Role of Cytarabine in High-Risk APL
Given the excellent outcomes of the modified AIDA regimen which eliminated cytarabine, the role of cytarabine in APL induction and consolidation chemotherapy remains controversial. Comparison of the French APL 2000 trial and the PETHEMA LPA 99 trials provides some insight into the role of cytarabine [41, 42]. Both the APL 2000 and the PETHEMA LPA 99 trials used ATRA in combination with chemotherapy for induction. The European APL 2000 trial combined ATRA with 7 + 3 (cytarabine 200 mg/m2/day × 7 days and daunorubicin 60 mg/m2/day × 3 days), while the PETHEMA LPA 99 study used an AIDA induction regimen. APL 2000 and PETHEMA LPA 99 also provided different consolidation approaches that were risk stratified based on the presenting WBC. No PETHEMA LPA 99 patients received cytarabine. However, all high-risk APL 2000 patients received cytarabine during induction as well as consolidation in combination with ATRA and daunorubicin. For high-risk patients, rates of CR (95.1% vs. 83.6%, P = 0.018) and 3-year OS (91.5% vs. 80.8%, P = 0.026) were significantly higher in the cytarabine-containing APL 2000 vs. LPA 99 trial. In an initial analysis of 104 high-risk patients in the LPA 99 trial, there was also a trend toward a lower 3-year incidence of relapse in the APL 2000 trial (9.9% in APL 2000 vs. 18.5% in LPA 99, P = 0.12), further suggesting a potential role for cytarabine in high-risk patients. In the final analysis of a total of 140 high-risk patients in the cytarabine-free LPA 99 trial, the 3-year cumulative incidence of relapse (CIR) was even higher at 26% [35]. In contrast, for patients with WBC < 10,000/mcL, CR rates and 3-year OS were similar, but rates of relapse were higher in the APL 2000 trial vs. the LPA 99 trial (14.3% vs. 4.2%), indicating that this non-cytarabine containing AIDA-based regimen is appropriate for low-risk patients. Based on these data, the APL 2000 induction and consolidation regimen using ATRA + chemotherapy including both daunorubicin and cytarabine represents one standard approach for treatment of high-risk APL [8, 41] (Fig. 8.2).
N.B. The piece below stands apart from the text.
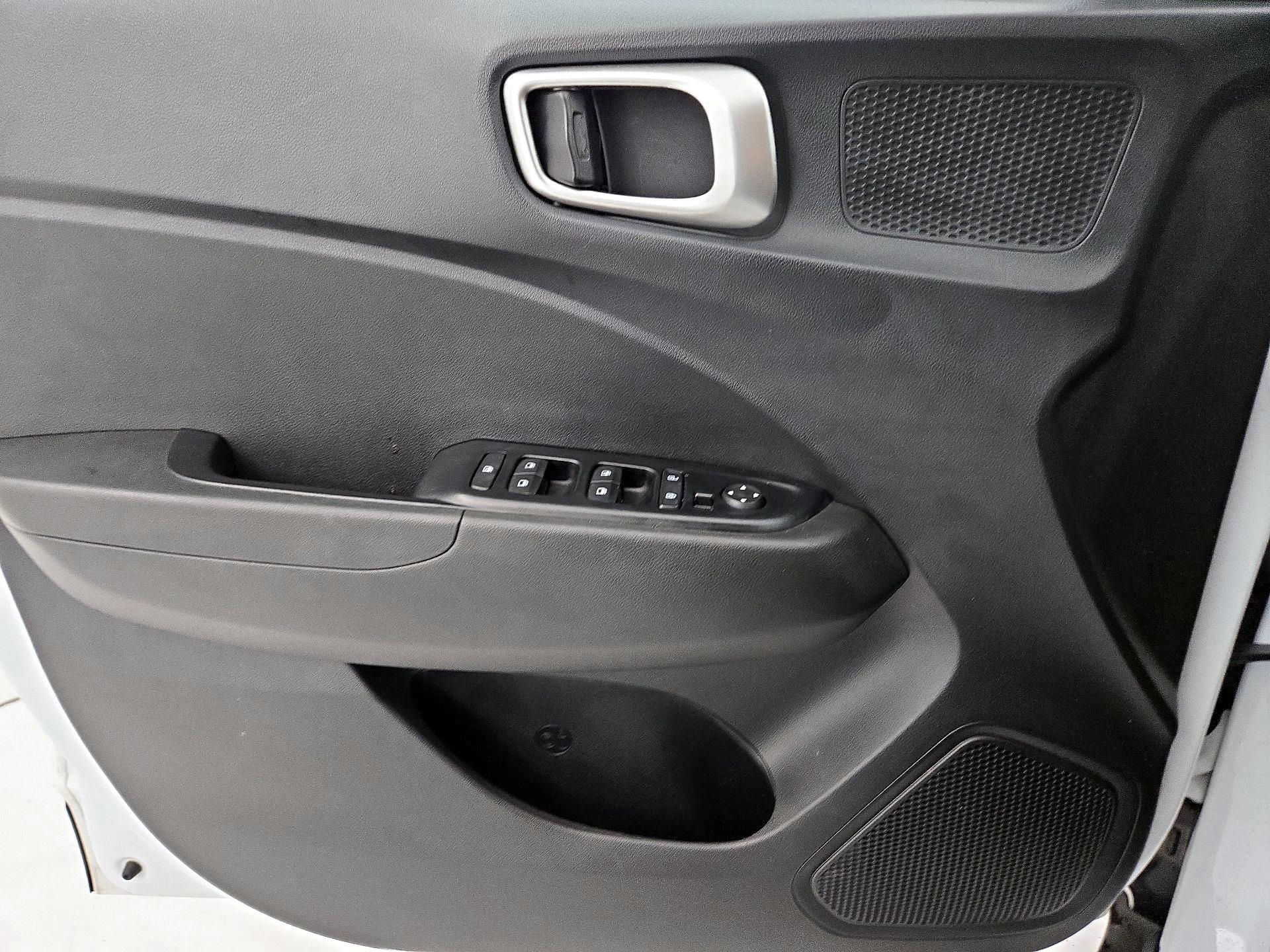 Thumbnail: 2023 Hyundai Venue - 12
Although cytarabine may be reasonably excluded from AIDA-based therapy for low-risk APL, recent data indicate that cytarabine should not be excluded from regimens using daunorubicin [43]. Longer-term follow-up from the APL 2000 trial demonstrated unacceptably high rates of relapse for patients treated without cytarabine. Even in low-risk APL patients with WBC < 10,000/mcL, those who received daunorubicin without cytarabine had a 7-year CIR of 28.6% vs. 12.9% for those who received daunorubicin and cytarabine. This study therefore suggests that if daunorubicin is used as the anthracycline for APL induction and consolidation, cytarabine may not be dispensable for patients in any risk group [43].
Cytarabine has also been studied in combination with ATRA and idarubicin during consolidation therapy following AIDA-based induction for high-risk APL patients younger than 60 in the PETHEMA LPA 2005 trial [35]. The LPA 2005 trial followed the excellent results of the risk-adapted PETHEMA LPA 99 trial and was designed with the goal of further improving outcomes for younger high-risk APL patients. In the LPA 2005 trial, for high-risk patients younger than 60 years, cytarabine was added to the combination of ATRA and idarubicin during cycles 1 and 3 of consolidation therapy. Low- and intermediate-risk patients received a reduced course of mitoxantrone for the second consolidation course and did not receive cytarabine. For high-risk patients in the LPA 2005 trial, the 3-year relapse rate was 11%, significantly lower (P = 0.03) than the 3-year relapse rate of 26% in the LPA 99 trial. The 3-year DFS rates were 92% for the entire LPA 2005 study, with excellent 3-year DFS of 82% for high-risk patients. Therefore, the LPA2005 trial regimen using AIDA-based induction followed by ATRA + idarubicin + cytarabine for cycles 1 and 3 of consolidation and ATRA + mitoxantrone for cycle 2 of consolidation now represents another standard approach for treatment of high-risk APL [8, 35]. The APL 2000 and LPA 2005 regimens have never been directly compared, and they both represent highly effective approaches for induction and consolidation therapy for high-risk APL patients (Fig. 8.2).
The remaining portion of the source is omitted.